2025/2/7-2/9
うーん、1巻は面白かったけど、この巻は途中からは面白いと思えなかったな
ヒースクリフとキャシーの恋愛は良かったけど、その子供世代のリントンとキャシーの恋愛は、いらないかなぁ。冗長な気がした
ヒースクリフの生涯を語る上で必要だろうって言うのはわかるんだけど、子どもの恋愛を見せられても、感動はしない。最後ヘアトンに心変わりしてるし(これは親たちのしがらみなしで彼女たちが初めて純粋な恋愛をして、これが実は親ヒースクリフとキャシーの恋愛の形に1番似てて、、っていうのは分かるけど)

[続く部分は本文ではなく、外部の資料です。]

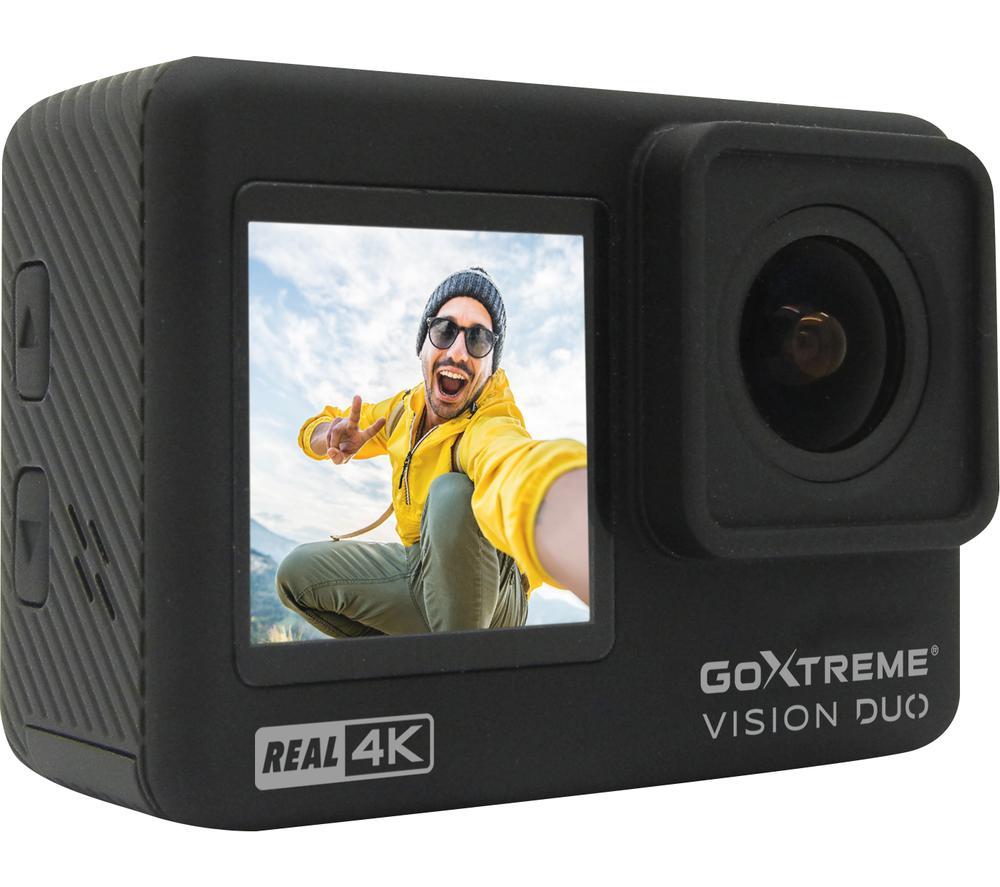EASYPIX GoXtreme Vision DUO 4K Ultra HD Action Camera - Black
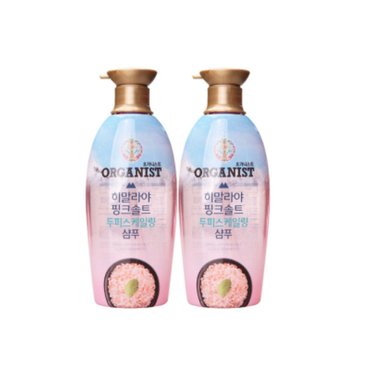  오가니스트 히말라야 핑크솔트 두피스케일링 샴푸 500ml, 2개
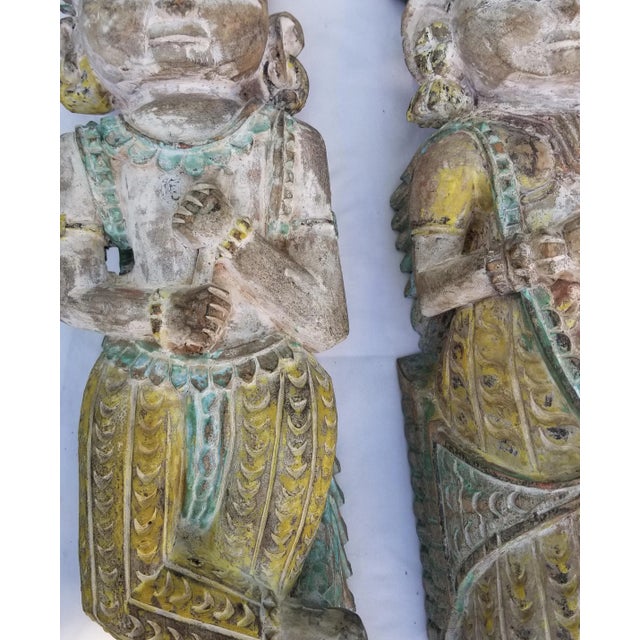 This pair of wonderful carvings would be an excellent addition to your walls. They are pretty heavy! They're already...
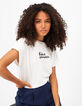 Tee-shirt blanc cassé Girl Positive avec cœur I.Code-1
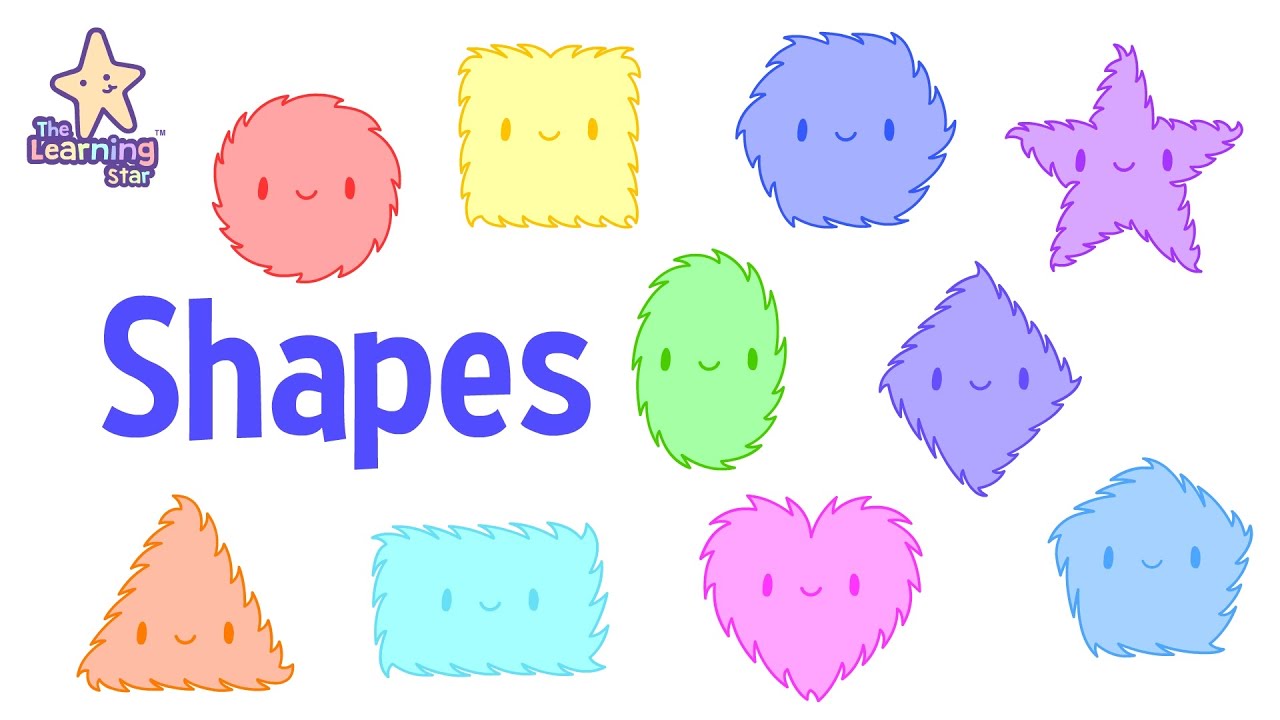 Import shapes. Star Shape for Kids. Shape Monster. Shapes Song. 2d Shapes for Kids.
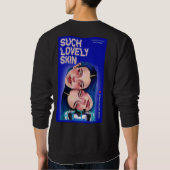 男の人の肌 スウェットシャツ (裏面)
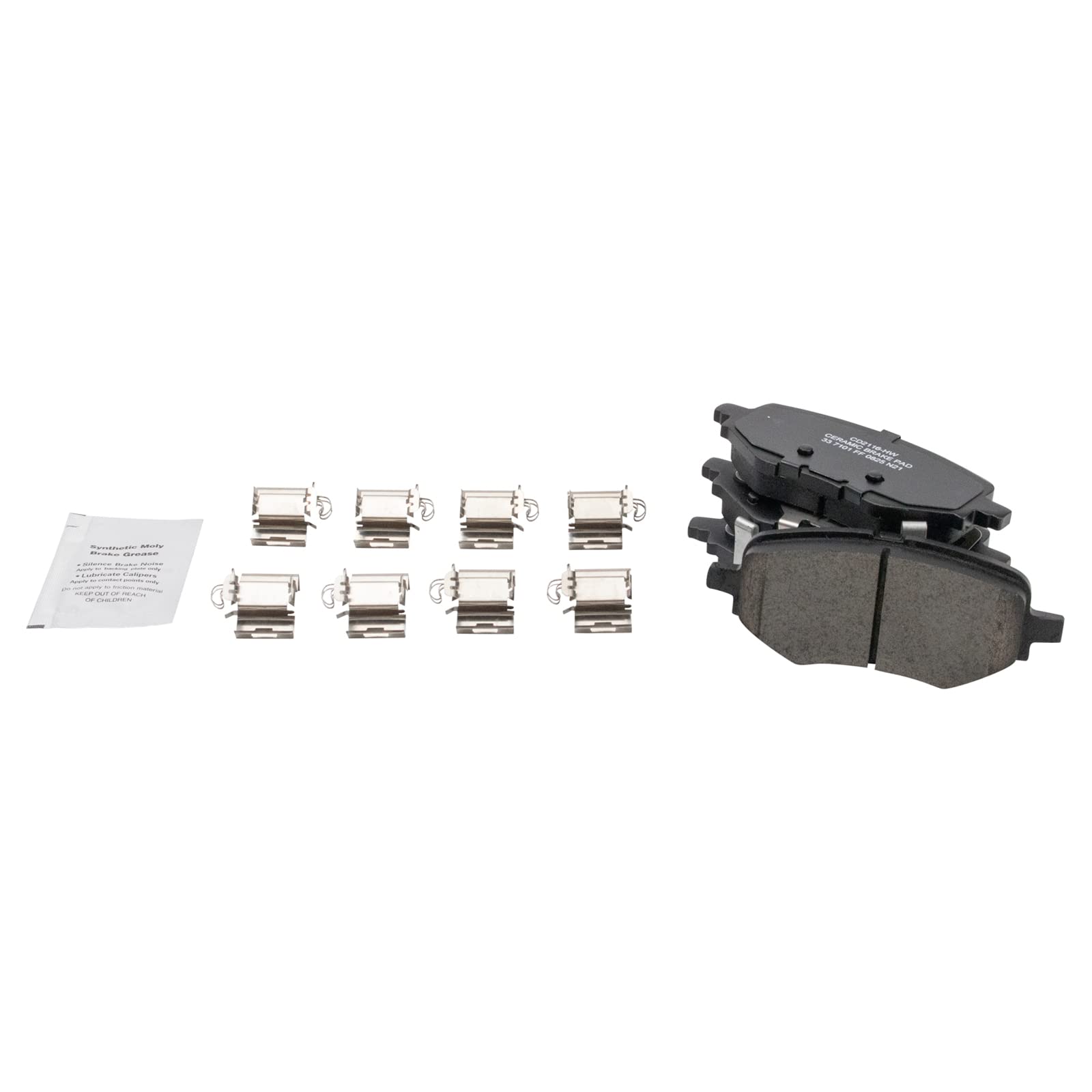 TRQ Rear Brake Pads Ceramic Compatible with 2017-2021 Honda Clarity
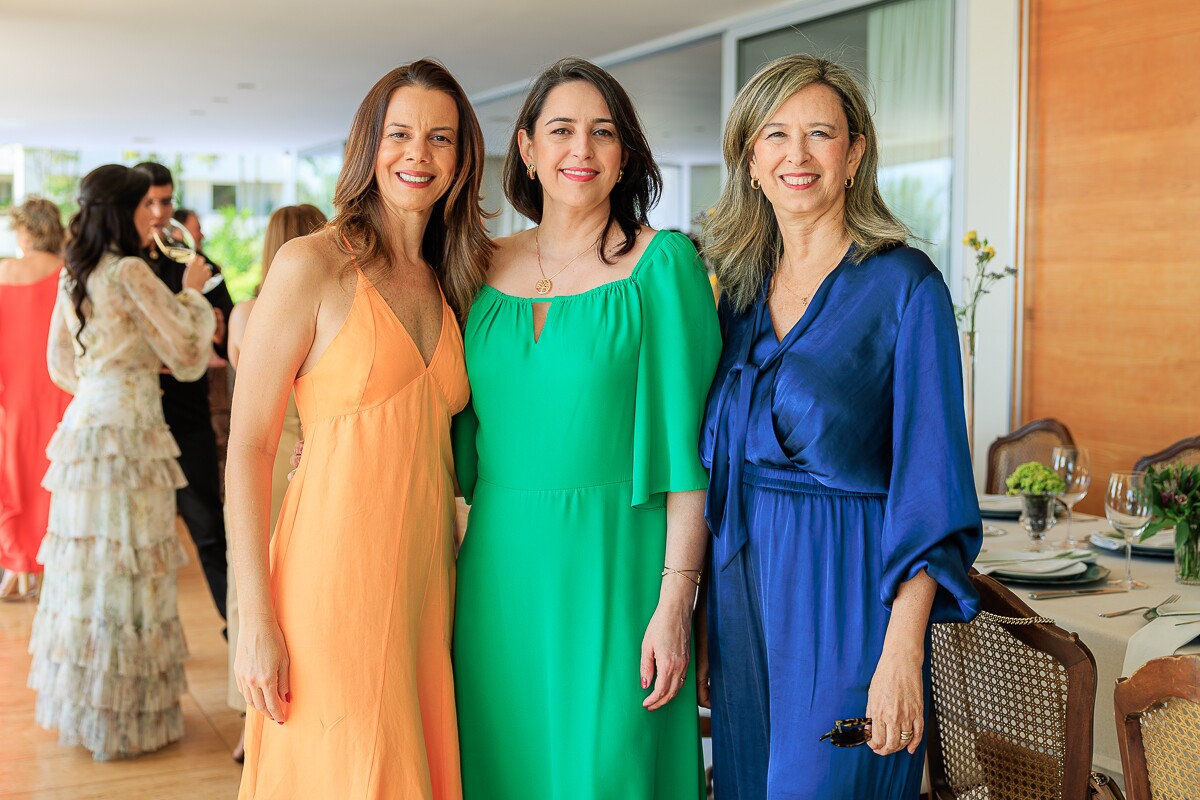 Sandra Pereira, Andrea Pinheiro e Luciana Naves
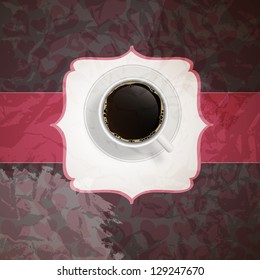 coffee invitation background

リントンは依存しすぎだし、キャシーも依存してて共依存の関係は見てられない。共依存の話は読んでいても辛くなるだけで面白くない。リントンは嵐が丘に行って性格がすごく悪くなっているし、横着だし、キャシーも生意気だし、キャラクターとしての魅力を何も感じない
前半の親ヒースクリフとキャシーの恋愛はすごく良かった。また再会できて本当に良かったと思う。キャサリンとエドガーの娘キャシーを養うヒースクリフはスネイプ先生的立ち位置ってことだよね、、辛いな。でも途中からは全く共感できないDV男になってしまった。。
こんな感じで、ネリー以外の登場人物には共感できないんだけど、不思議と読み続けることが出来る。語り手がいない文学はそれでさもありなんみたいな状態で、当たり前に物語が展開していくけど、今回はネリーの一歩引いた冷めた視点があるからこそ、いいのかもしれない。「うん、やっぱりこの状況はおかしいよな」というフラストレーションをネリーを通じて発散できるから。だからいわゆる「不倫」というテーマでも共感できるし、応援できる(私は語り手がいない文学での不倫に対しては、共感できないどころか嫌悪感すら感じたから、、)。キャシーとヒースクリフの心の動きがよくわかる。
まとめると、語りの技法がすごく好きだった、秀逸だった、ヒースクリフとキャシーの恋愛もとても良かった。でもさすがに冗長すぎた。子どもたちの恋愛はいらなかった。。下巻途中から読まなくても良かったかな。